Smoothing ADMM for Non-convex and Non-smooth Hierarchical Federated Learning
Reza Mirzaeifard, Stefan Werner
TL;DR
The paper addresses optimization in hierarchical federated learning with non-convex and non-smooth objectives under client and cluster heterogeneity. It introduces Hierarchical Federated Smoothing ADMM (HFSAD), which blends smoothing upper-bounds with ADMM and auxiliary variables to enable asynchronous, multi-update distributed optimization across clusters and a global root. Regularizers are decomposed per cluster to support both consensus via total variation and personalization via non-convex penalties such as SCAD and MCP, while preserving proximal-friendly structure for efficient updates. Empirical results on SCAD-penalized robust phase retrieval show that HFSAD achieves faster convergence and higher accuracy than centralized baselines, highlighting its robustness and practicality for large-scale, heterogeneous FL scenarios.
Abstract
This paper presents a hierarchical federated learning (FL) framework that extends the alternating direction method of multipliers (ADMM) with smoothing techniques, tailored for non-convex and non-smooth objectives. Unlike traditional hierarchical FL methods, our approach supports asynchronous updates and multiple updates per iteration, enhancing adaptability to heterogeneous data and system settings.
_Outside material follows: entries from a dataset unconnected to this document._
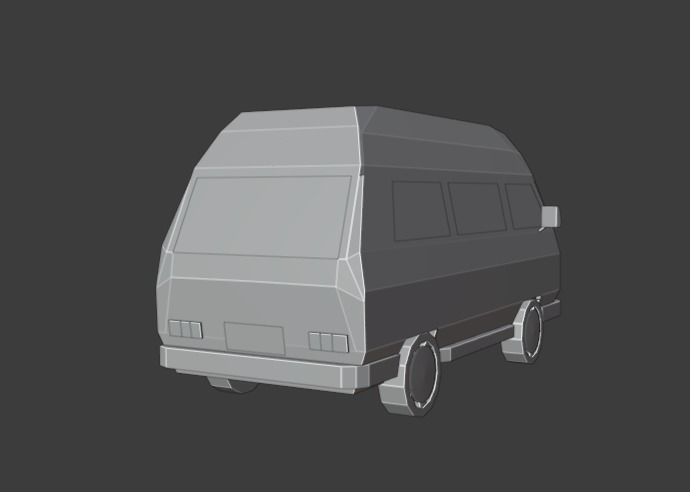 Low-Poly VW Transporter T3 Bus 3D model Low-poly 3D model_7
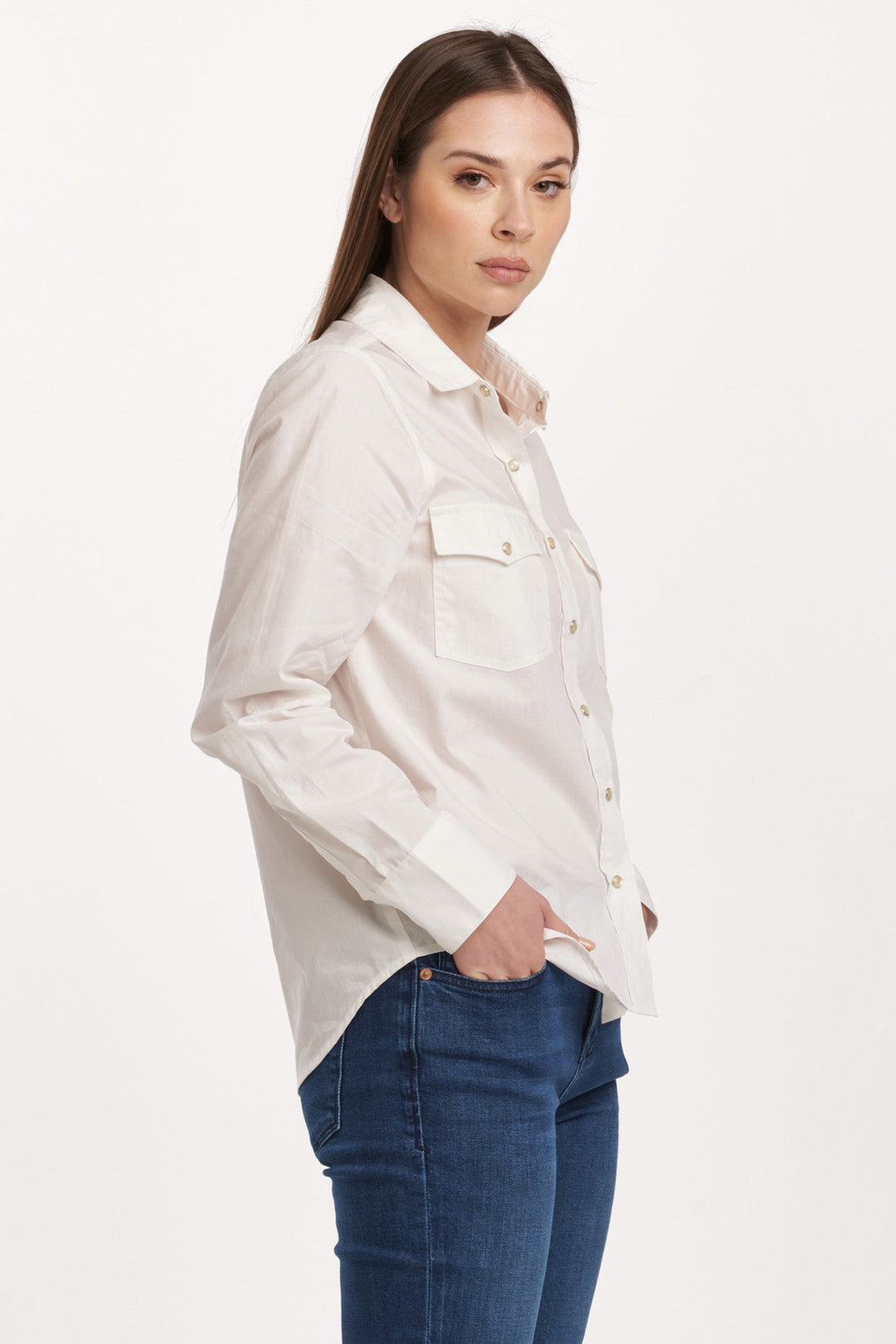 image of a female model wearing a STAR WESTERN SHIRT WHITE DEAR JOHN DENIM 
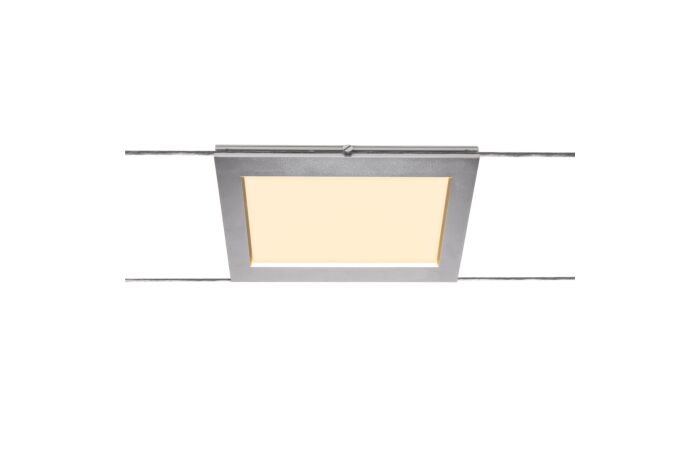 PLYTTA rectangular, svítidlo s lanem pro nízkonapěťový lanový systém TENSEO, 2700K, chrom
Additionally, we introduce a flexible mechanism to leverage diverse regularization functions at each layer, allowing customization to the specific prior information within each cluster and accommodating (possibly) non-smooth penalty objectives. Depending on the learning goal, the framework supports both consensus and personalization: the total variation norm can be used to enforce consensus across layers, while non-convex penalties such as minimax concave penalty (MCP) or smoothly clipped absolute deviation (SCAD) enable personalized learning. Experimental results demonstrate the superior convergence rates and accuracy of our method compared to conventional approaches, underscoring its robustness and versatility for a wide range of FL scenarios.